Government urged to reform payment schemes for upland farms

The independent Green Alliance think tank has called on the government to reform payment schemes to provide more support for smaller grazing and upland farms.

The group argues that the Environment Land Management (ELM) scheme is proving to be unfair and inefficient, with larger arable farms benefiting more than smaller upland farms.

Green Alliance wants the government to increase payments for tree planting and restoring peatland, and also suggests increasing carbon sequestration payments.

See also: Upland sheep farmers in Lake District fear for future

Its Farming for the Future report found that all farms in England had the potential to be profitable by providing public goods, producing food or a combination of the two, provided the public goods were fairly rewarded through ELM.

Lydia Collas, senior policy analyst at Green Alliance, said: “After quite a bit of progress since 2016, we could now be left with a scheme that neither restores nature nor supports family farms.

“We need to act to avoid a system which ends up directing most of the money to the wealthiest farms – the reason ministers have criticised the old EU scheme.

“If the government targeted public money towards nature restoration on smaller farms on more marginal land, tackling climate change and restoring nature would cost the taxpayer less and have a lower impact on producing food.

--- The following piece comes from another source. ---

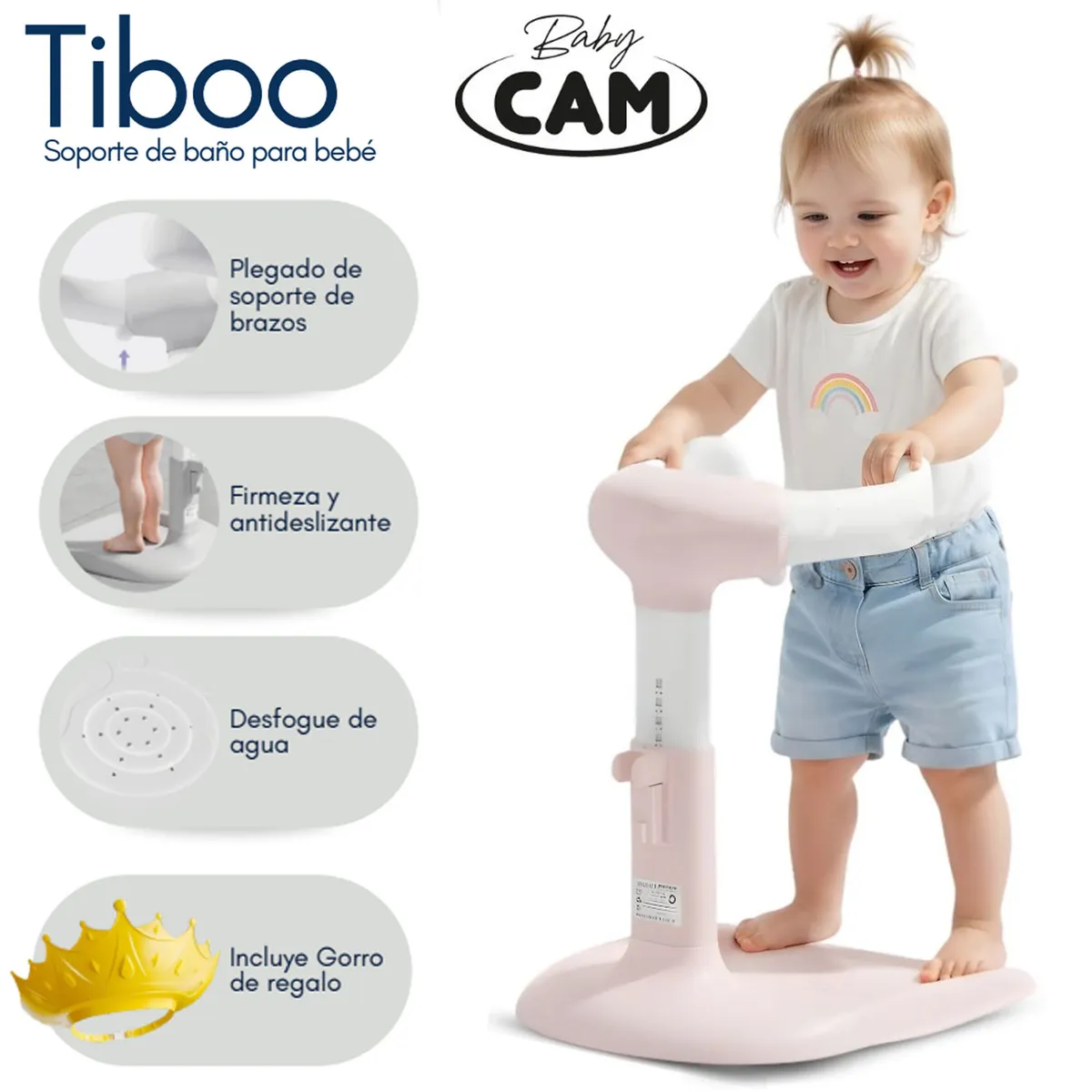 SOPORTE DE BAÑOS PARA BEBÉS «TIBOO» EDICIÓN LIMITADA PINK - 1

“We could move to a greener system while helping hard-working upland farmers stay afloat.”

However, Defra has dismissed the Green Alliance’s claims as inaccurate.

A Defra spokesperson said: “Our programme is designed to work across all farm business to fund the widespread, large-scale change we need to meet our challenging legally binding targets.

“The options within our Sustainable Farming Initiative (SFI) are essential to improving water quality, restoring nature across the farmed landscape, decarbonising agriculture, and building resilience to a changing climate.

“The number of applications received, and agreements offered for this year’s offer is significantly more than the uptake at the same stage of rollout last year – with hundreds of farmers applying every week for our improved and simplified SFI offer.”

NFU modelling

The NFU has also been carrying out modelling looking at support schemes in the uplands, which is due to be released next week.

It has used upland farms as case studies to determine whether the maximum theoretical SFI and Countryside Stewardship earnings would cover the loss of the Basic Payment Scheme and agri-environment schemes.